Ferrari were criticised for the dubious legality of their innovative Halo-mounted mirrors in Spain, which have since been banned by the FIA.
The mirrors, which were mounted to the Halo head protection safety feature, were believed to give Ferrari more than the ‘incidental or minimal’ aerodynamic effect allowed by the rules.
However, Mercedes were also spotted contravening regulations designed to stop teams from tricking their opponents into making a pit-stop by faking their own.
With the virtual safety car deployed and Hamilton ahead of Sebastian Vettel, the Mercedes mechanics were seen in their pit, fresh tyres at the ready.

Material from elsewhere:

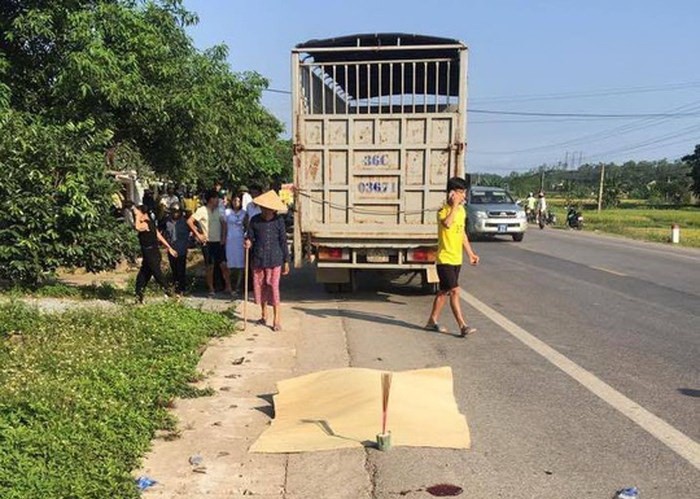 待產孕婦遭卡車輾死的現場。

However, only the Ferrari of Vettel pitted, while the Mercedes of Valtteri Bottas (who was assumedly the originally intended recipient of new tyres from Mercedes) declined to pit and instead continued racing.

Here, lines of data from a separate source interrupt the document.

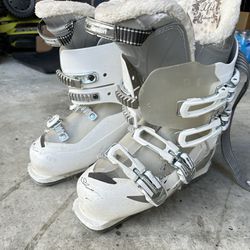 Salomon Ski Boots Women 25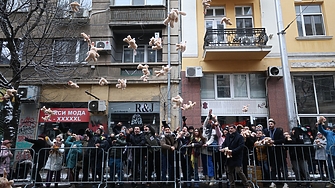 След два дни на протестни акции включително и пред кабинета на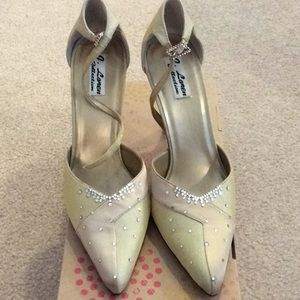 Dressy Gold Heels 🎉Price Drop!🎉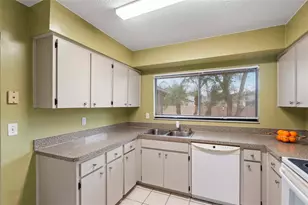 5002 Pennsbury Dr, Tampa, FL 33624 - Photo 11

Such actions are technically against Formula 1 sporting regulations 28.12, which state: "Team personnel are only allowed in the pit lane immediately before they are required to work on a car and must withdraw as soon as the work is complete."
The incursion of the Mercedes team into the pit-lane, new tyres in hand, could be construed as an attempt by the mechanics to manipulate Ferrari into pitting their own man.
That Ferrari have not lodged an official complaint against Mercedes suggests events did not affect their decision making, and regulation 28.12 is not enforced in any case (Mercedes and other teams have repeatedly broken the rule in recent times), so any complaint would likely be futile.
With regards to Ferrari's controversial mirrors, the FIA acknowledged that: "The rules currently in force with regard to mirrors are not perfect, and will strive to propose a more complete set of rules in terms of mirror position, mountings, visibility, etc. in the near future, with the aim to get a unanimous support for such changes for 2019."
With the FIA freely admitting that not all of its rules are particularly clear or definitive, teams such as Ferrari and Mercedes will likely continue to push the blurred lines of what is legal in the sport until they are told not to, and it is the job of the FIA to step in when the boundaries have been overstepped, ideally before an advantage has already be obtained.